OK so I’ll take the bait.
@enemystand… you say that it is “difficult to find a proper solution to it online” …

Networking “best practice” indicates security certificates for lots of applications and reasons. It’s a good idea and SA’s worldwide are constantly “locking down” scripts and processes to make their networking environment more sane and secure.

Let’s Encrypt’s mission is to play a significant role in “securing the web” not private networks.

There must be a bunch more information you can share with the community. I for one must be missing some major details here.

  1. Why would you need or desire to install a certificate on a server that has no public facing interface?
  2. Have you considered configuring a “self-signed” certificate?
    Is this a “private” part of a “public” resource?

Please provide more information regarding your configuration and ultimate goals so the experts here can help you accomplish it.
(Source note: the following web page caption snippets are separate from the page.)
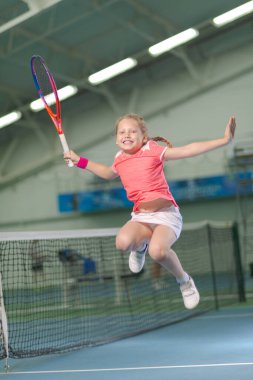 Kapalı tenis kortundaki küçük bir kız tenis maçını kazandığı için mutlu. Spor kulübünde tenis raketi ve topu olan küçük bir kız. Küçük çocuk için antrenman. Çocuk çalmayı öğreniyor.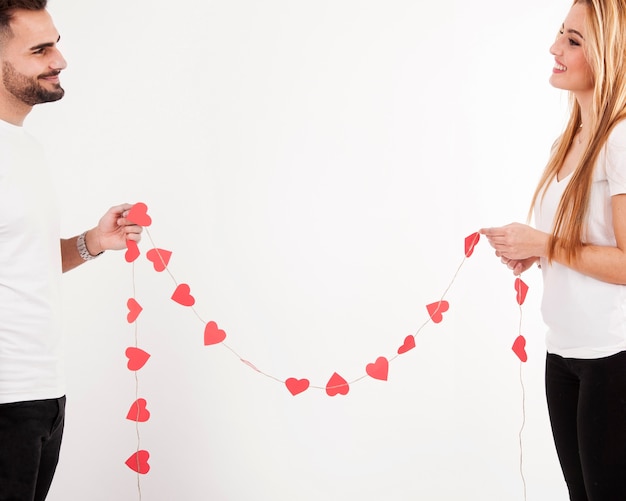 Foto gratuita pareja feliz con guirnalda de corazón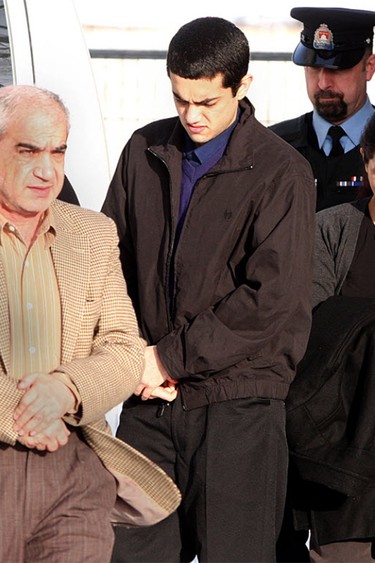Three members of the Shafia family — Mohammad Shafia, from left, Tooba Mohammad Yahya and their son Hamed — enter Frontenac County Court House in Kingston on Jan. 16, 2012, for their murder trial. They were each charged with four counts of first-degree murder in the deaths of four other family members. IAN MACALPINE/KINGSTON WHIG-STANDARD/QMI AGENCY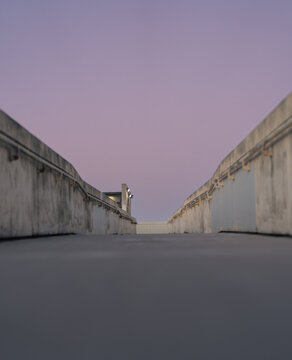 Minimal concrete walkway with symmetrical walls under pastel sky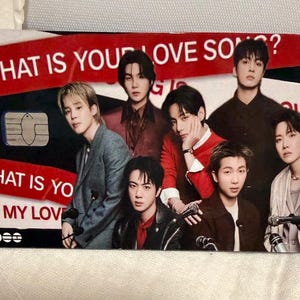 Pu&ograve; includere: Una carta rettangolare con un gruppo di sette persone. La carta ha un design rosso e nero con il testo "WHAT IS YOUR LOVE SONG?" e "WHAT IS YOUR MY LOVE". La carta ha anche un chip.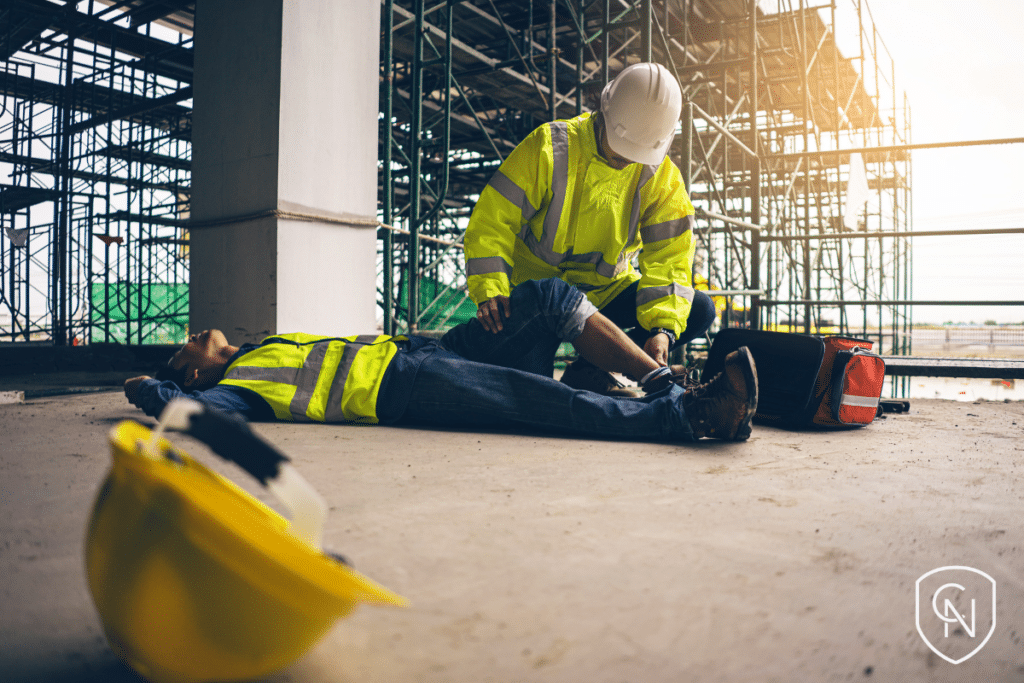 A safety officer provides first aid to an employee involved in an accident at a construction site.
Please don’t misinterpret my questions, but there’s a lot more we need to know if you really want assistance.

Regards
Rip


#3

I think OP might mean that the included runtime environment for the Boulder project requires pulling Docker images off the internet.

Can’t disagree that the “production ops manual” is missing for the project (though understandable as there are probably relatively few parties looking for it).


#4

It makes perfect sense to me that someone would like to run Boulder as the basis of a private CA on a network that’s air-gapped from the public Internet. However, I don’t think that the Boulder developers have created documentation to facilitate this, even though it could be quite valuable.

@enemystand, I would suggest opening a ticket on

to track the process of creating documentation for this, and then maybe you can contribute your own experience back to that and hopefully also get advice from others.

As @Rip implies, this hasn’t been a high priority for Let’s Encrypt due to the heightened focus on running the public CA, but that doesn’t mean that it wouldn’t be a valuable service to the community. I assume that there are already several Boulder-based CAs running that we don’t know about. :slight_smile:

It would be terrific to have something like this out there eventually. :slight_smile: (not necessarily disclosing lots of operational choices that Let’s Encrypt itself has made, but giving prospective CA operators some useful options to work with)


#5

Thank you all.

From what I’ve seen it is more efficient to pull Docker images instead of simply copying the entirety of Github to the intranet in question (Or all the dependencies, if there were an easy way to list them all outside of the packages retrieved by ‘go get’). What I meant by difficult is retrieving all the dependencies from the various sources the projects builds itself, in order to run properly without fail.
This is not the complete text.